カルヴィーノ編 大久保昭男訳 偕成社
イタロ・カルヴィーノがまとめた「イタリア民話集」から、10編のお話がこの本に収められています。
挿絵が、この本に収められている昔話の雰囲気をよく表していると思います。あまり素朴というわけではなく、繊細で、色とりどりで、上品にきらきらと光っているようなお話ばかりです。

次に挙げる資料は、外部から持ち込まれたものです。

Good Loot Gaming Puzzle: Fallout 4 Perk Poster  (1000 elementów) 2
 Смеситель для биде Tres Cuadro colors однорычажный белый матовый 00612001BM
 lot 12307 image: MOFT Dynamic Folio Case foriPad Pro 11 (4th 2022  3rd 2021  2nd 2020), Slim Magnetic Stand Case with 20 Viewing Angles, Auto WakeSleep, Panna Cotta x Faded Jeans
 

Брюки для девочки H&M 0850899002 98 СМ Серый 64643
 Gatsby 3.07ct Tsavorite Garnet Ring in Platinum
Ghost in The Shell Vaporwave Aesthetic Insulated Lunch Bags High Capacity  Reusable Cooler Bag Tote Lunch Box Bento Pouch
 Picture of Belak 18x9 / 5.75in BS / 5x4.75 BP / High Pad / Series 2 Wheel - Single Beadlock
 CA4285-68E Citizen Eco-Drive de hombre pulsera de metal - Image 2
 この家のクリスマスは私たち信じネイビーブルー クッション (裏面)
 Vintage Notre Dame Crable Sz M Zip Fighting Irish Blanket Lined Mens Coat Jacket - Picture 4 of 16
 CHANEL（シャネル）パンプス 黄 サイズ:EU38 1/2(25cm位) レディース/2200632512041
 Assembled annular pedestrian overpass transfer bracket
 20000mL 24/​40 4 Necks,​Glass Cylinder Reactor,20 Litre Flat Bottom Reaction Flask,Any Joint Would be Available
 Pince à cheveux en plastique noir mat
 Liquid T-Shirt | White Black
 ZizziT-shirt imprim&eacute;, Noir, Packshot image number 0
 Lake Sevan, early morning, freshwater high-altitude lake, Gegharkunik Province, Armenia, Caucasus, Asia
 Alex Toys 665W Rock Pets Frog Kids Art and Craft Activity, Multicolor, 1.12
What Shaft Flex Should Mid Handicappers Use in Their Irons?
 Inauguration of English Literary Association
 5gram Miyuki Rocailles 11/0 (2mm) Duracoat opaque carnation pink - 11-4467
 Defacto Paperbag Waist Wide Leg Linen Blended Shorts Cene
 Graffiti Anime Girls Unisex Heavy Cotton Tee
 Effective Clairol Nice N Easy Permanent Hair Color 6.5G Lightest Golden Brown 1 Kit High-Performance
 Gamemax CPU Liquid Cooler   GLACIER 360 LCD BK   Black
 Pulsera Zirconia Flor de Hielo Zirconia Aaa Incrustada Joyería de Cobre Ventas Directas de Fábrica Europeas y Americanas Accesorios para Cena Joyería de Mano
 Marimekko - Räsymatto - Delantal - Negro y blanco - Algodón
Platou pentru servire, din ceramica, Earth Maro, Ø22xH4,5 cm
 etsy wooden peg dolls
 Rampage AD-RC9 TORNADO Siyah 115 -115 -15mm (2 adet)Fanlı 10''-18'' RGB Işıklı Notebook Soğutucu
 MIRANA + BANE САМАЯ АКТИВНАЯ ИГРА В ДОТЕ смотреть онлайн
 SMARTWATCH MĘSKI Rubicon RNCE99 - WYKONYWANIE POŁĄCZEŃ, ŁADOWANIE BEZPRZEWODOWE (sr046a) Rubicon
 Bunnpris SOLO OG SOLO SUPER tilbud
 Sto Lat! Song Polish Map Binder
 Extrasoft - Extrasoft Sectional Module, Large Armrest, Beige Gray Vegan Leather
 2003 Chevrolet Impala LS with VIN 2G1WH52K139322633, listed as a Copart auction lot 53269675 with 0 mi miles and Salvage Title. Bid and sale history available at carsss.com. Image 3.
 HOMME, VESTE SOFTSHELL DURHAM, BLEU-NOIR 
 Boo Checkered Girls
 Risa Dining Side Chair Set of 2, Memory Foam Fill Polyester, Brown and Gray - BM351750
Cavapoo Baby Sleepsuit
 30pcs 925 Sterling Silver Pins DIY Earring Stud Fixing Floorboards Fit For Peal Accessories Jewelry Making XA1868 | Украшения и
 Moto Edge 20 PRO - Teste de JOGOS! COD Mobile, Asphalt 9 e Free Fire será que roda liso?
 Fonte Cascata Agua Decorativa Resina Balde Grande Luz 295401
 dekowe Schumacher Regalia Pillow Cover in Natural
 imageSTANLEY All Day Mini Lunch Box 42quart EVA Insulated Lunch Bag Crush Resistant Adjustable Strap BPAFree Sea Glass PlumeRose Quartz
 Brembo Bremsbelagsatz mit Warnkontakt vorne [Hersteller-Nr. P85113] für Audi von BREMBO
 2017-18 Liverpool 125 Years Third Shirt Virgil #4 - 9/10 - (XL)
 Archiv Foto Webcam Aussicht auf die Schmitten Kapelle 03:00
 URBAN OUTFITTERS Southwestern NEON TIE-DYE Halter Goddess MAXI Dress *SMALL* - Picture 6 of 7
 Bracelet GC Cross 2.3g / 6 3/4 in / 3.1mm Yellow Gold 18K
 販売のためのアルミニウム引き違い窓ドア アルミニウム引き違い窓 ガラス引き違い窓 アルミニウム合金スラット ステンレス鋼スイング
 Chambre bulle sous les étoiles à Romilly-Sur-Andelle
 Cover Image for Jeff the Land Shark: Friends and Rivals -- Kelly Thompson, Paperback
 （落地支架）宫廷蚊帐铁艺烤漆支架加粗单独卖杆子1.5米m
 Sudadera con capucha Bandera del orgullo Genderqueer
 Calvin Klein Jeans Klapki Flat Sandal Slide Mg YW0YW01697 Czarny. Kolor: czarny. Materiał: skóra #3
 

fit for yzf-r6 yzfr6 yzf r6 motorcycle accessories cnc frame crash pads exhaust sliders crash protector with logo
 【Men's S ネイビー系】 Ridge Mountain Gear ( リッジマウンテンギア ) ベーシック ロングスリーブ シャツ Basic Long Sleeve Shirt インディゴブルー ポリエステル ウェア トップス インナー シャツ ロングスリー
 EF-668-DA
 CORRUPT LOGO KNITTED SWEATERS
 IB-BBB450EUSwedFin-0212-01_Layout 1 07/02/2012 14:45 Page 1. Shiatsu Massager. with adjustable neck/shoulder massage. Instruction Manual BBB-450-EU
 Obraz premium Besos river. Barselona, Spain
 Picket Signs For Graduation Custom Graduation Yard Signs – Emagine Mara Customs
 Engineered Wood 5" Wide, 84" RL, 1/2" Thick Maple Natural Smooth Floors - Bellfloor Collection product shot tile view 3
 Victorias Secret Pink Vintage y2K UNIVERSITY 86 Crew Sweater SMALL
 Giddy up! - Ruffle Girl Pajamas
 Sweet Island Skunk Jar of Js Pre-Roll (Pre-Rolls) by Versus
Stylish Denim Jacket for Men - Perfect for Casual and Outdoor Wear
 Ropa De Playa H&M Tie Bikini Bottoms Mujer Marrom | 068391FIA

「悪魔にもらったズボン」というお話があります。悪魔から、つかみだしても、つかみだしても、いくらでも金貨が出てくるズボンをもらった代わりに、7年間体を洗ってはいけないし、髪の毛や爪を切ってもいけないという約束をした美しいサンドリーノという若者の物語です。汚い姿のまま、結婚の約束をしたサンドリーノですが、婚約者の娘に送った花嫁支度は、素敵なものばかりです。「ふわりとはおることができるほどかるい肌着には、ひざのところまで、ししゅうがしてあります。フランドル産のリネンで仕立てられたペチコート、鼻をかむところもないほどレースでかざられたハンカチ、さまざまな色の絹のドレス、宝石でかざられた、金と銀のにしき。赤やみどりのビロードの服。」
ただでさえ素敵な昔話の世界が、このような描写で、さらに美しくなっているような気がします。
他のお話も、つやつやしたリンゴの中に美しい娘が入っているという「リンゴむすめ」や、お姫様と太陽との間に生まれた「太陽のむすめ」のお話など、きれいで面白いものばかりです。